- **Your goal**: Your task is to reproduce exactly the lines from the one containing "le musée en Pune" through the last line below, both ends included, and nothing else, with no pictures.

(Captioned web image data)

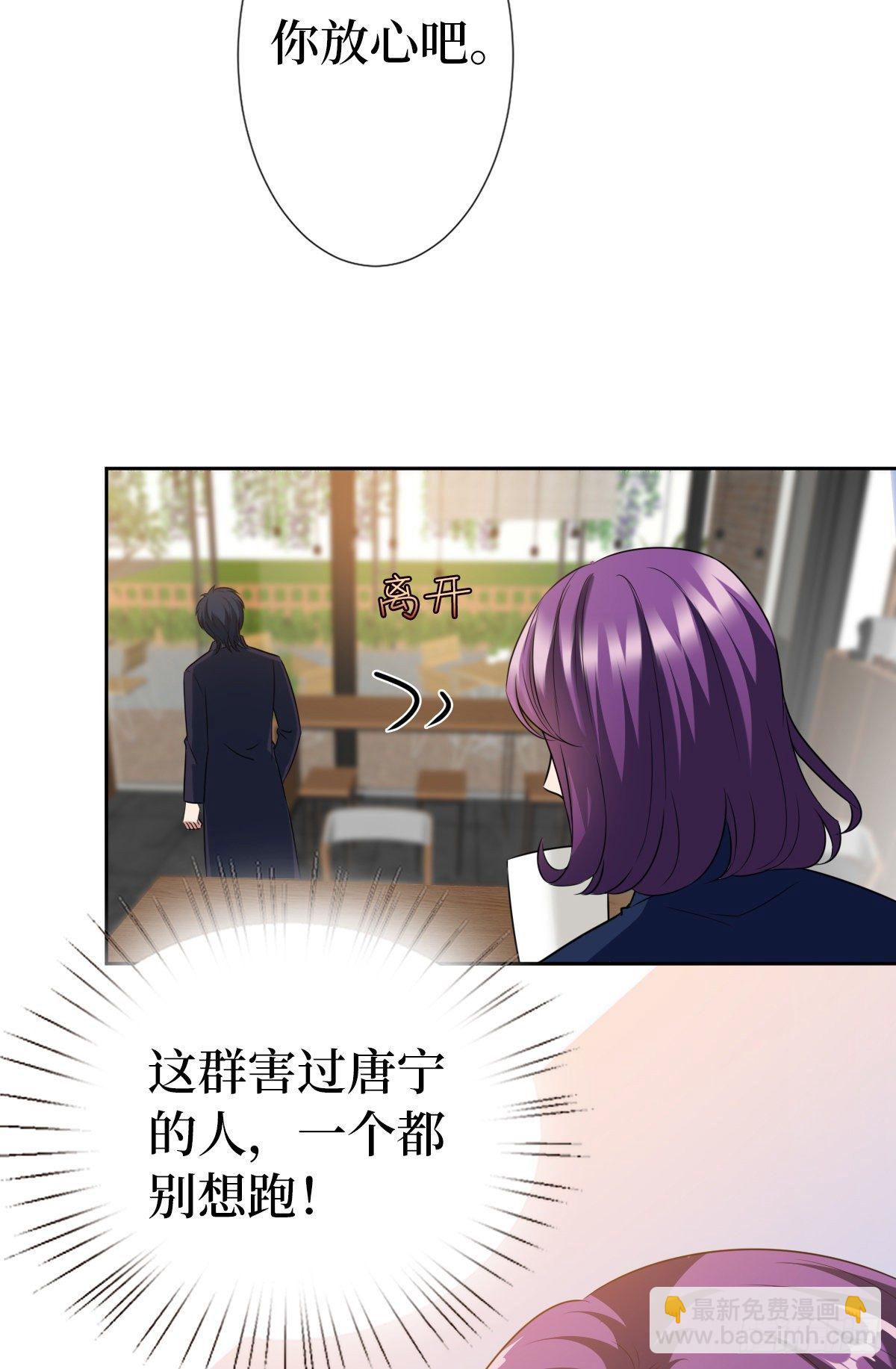 第六十八话 神秘邮件-第70话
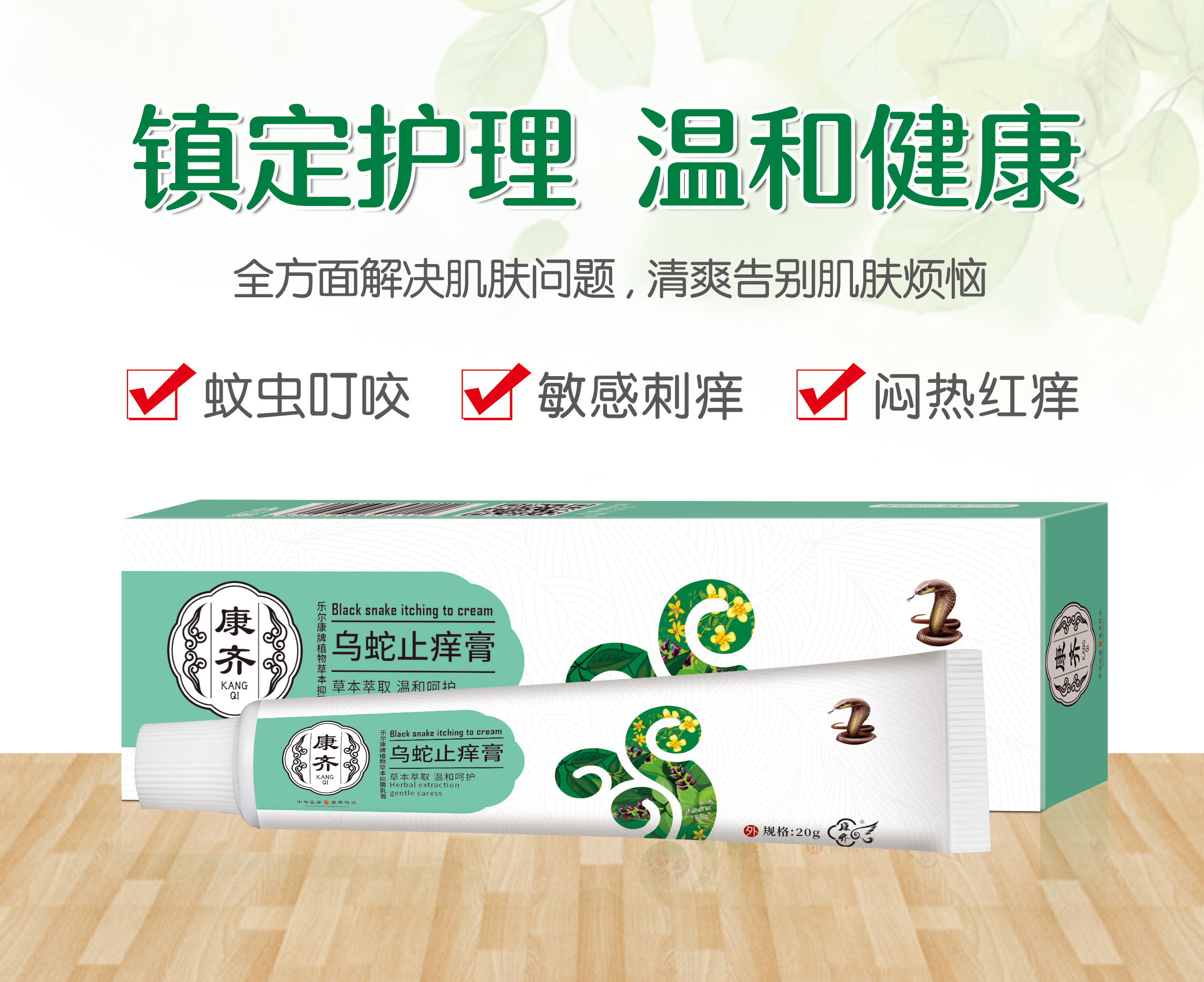 点击查看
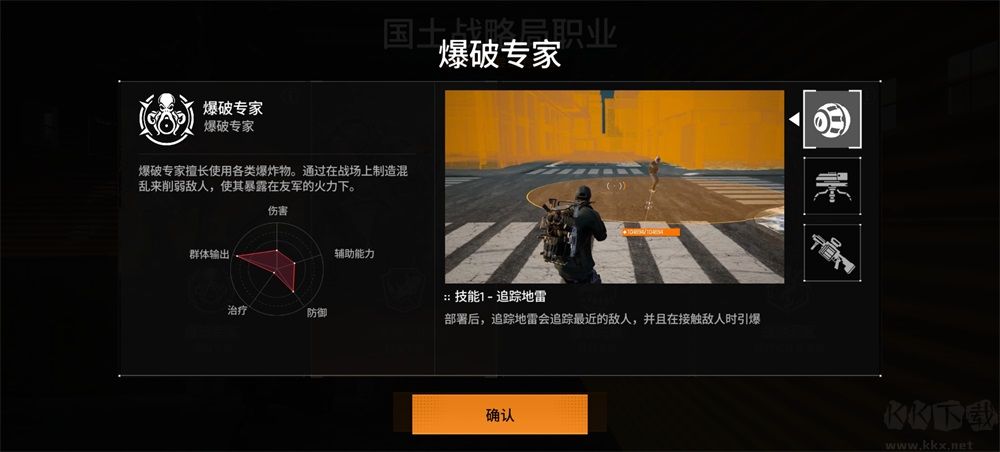 The Division Resurgence安装器图1
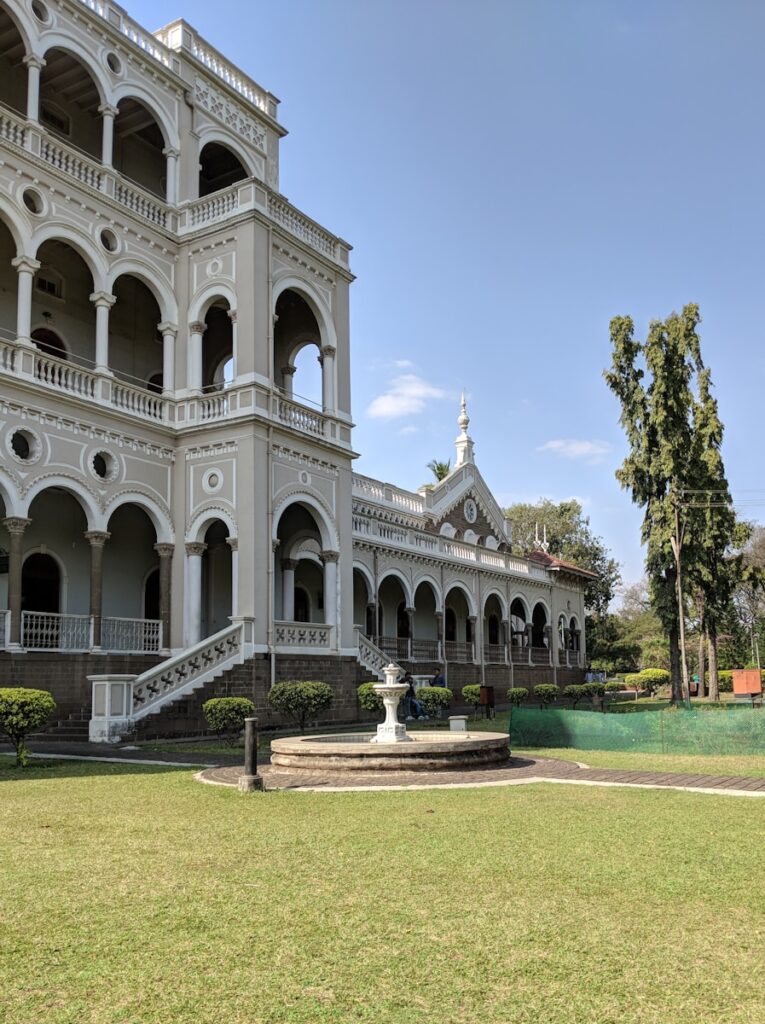 le musée en Pune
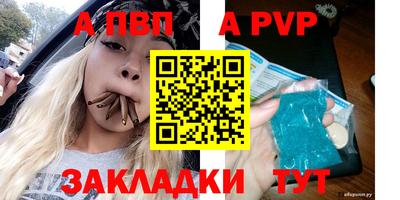 кокаин Донецк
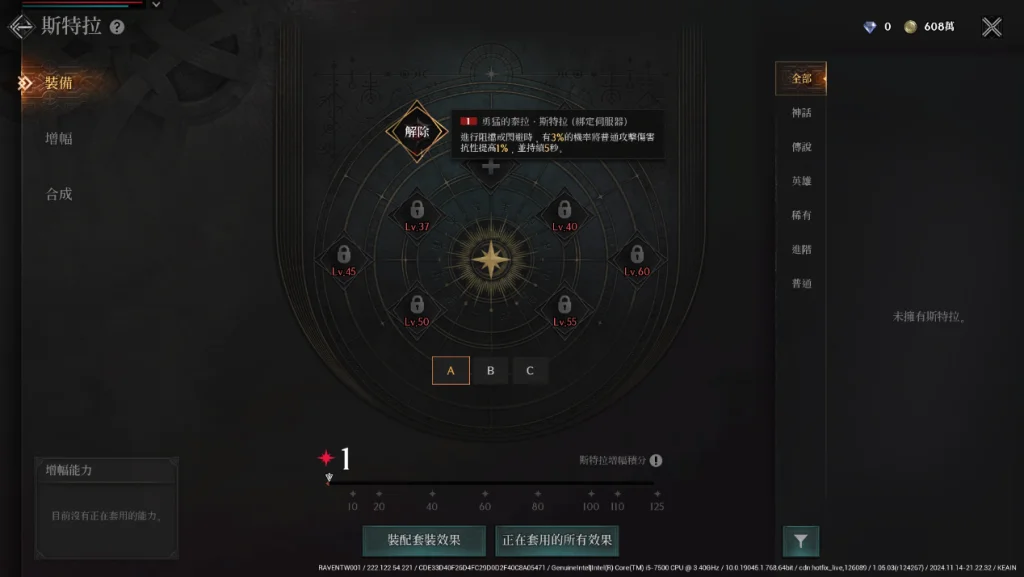 《RAVEN2:渡鴉》體驗黑暗奇幻大陸征戰史!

- **Solution for this problem**:
 le musée en Pune
 кокаин Донецк
 《RAVEN2:渡鴉》體驗黑暗奇幻大陸征戰史!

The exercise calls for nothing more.